Wednesday 20 July 2011

Tips for walking in the park

I think there's never really any reason for anyone to walk around the park all by themselves unless you are:

1. Jogging
2. Stalking a prey what/whomever it/he/she may be (the reason I say 'it' is because i don't know what category kids fall under)
or 3. A hobo.

But there are always times when you feel like taking a walk in solitude as you feel one with nature --and because you live in a depressing concrete jungle, the artificial 'nature' that is a park would do-- without having the annoying barking of your dog or friends following each step you take. And I understand that, douche. So here is something I propose --because I'm like that, helping people out all the time-- to avoid the awkward encounters with the occasional, judgmental passerby. You could pay a hobo to walk alongside you. So you can walk around the park and people watch without it looking to creepy to other people but also not have to deal with the obnoxious sound that exits one's mouth. If you happen to meet someone you know and they ask you to introduce them to your 'friend' you can shrug it off and simply say he's a hipster friend for school. They're usually not very difficult to find but at times quite tricky to persuade into being your personal park chaperone. Sometimes you have the bargain of giving them a ten-er or even just buy them lunch but they might be completely unpredictable and stab you right then and there because it turns out you hadn't approached a hobo but a creepy geezer who is stalking a prey what/whomever it/he/she may be which ironically, just turns out to be you. But there is that other possibility that they ask you for drugs instead but those can be quite expensive, you can however tell them that you will only receive the drugs the next day and that he could just waltz by and pick it up then, you then slip them the address of that jank girl in class whose address you memorised by heart for reasons I really don't understand (or prepared before you left the house that morning, whatever) and then leave abruptly saying you have business elsewhere before they start asking questions.

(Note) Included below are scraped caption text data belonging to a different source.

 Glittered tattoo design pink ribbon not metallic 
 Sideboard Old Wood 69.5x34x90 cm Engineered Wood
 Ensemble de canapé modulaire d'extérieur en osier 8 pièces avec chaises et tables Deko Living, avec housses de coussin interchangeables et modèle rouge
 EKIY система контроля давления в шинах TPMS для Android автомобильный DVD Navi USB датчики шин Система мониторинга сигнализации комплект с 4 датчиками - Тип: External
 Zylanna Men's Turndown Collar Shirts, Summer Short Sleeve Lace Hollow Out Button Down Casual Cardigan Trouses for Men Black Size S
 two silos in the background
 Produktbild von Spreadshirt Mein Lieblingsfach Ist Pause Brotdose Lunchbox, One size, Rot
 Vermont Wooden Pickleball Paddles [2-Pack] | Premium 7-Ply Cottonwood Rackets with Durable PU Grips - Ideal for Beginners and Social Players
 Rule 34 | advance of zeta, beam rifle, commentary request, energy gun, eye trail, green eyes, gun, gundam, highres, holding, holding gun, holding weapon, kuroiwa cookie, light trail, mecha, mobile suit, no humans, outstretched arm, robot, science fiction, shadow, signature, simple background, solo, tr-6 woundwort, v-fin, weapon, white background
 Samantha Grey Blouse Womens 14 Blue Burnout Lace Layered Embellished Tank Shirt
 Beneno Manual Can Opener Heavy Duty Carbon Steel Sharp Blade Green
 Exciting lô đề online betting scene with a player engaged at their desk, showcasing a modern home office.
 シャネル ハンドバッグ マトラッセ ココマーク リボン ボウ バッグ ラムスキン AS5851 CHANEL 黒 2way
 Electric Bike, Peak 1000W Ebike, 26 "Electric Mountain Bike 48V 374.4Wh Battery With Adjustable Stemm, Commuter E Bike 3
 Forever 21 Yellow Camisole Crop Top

Or if you're not up to the challenge of meeting new people and possibly gaining new acquaintances then I suggest that consider the idea that nobody really gives a shit what or where you do things because most people at the park probably are so preoccupied in hiding whatever sketchy business they have there to begin with. I mean really, who goes to the park anymore these days unless you want to hide bodies. So when you do go out to the park, just walk like you would normally walk and overlook everything other people do and they will do the same.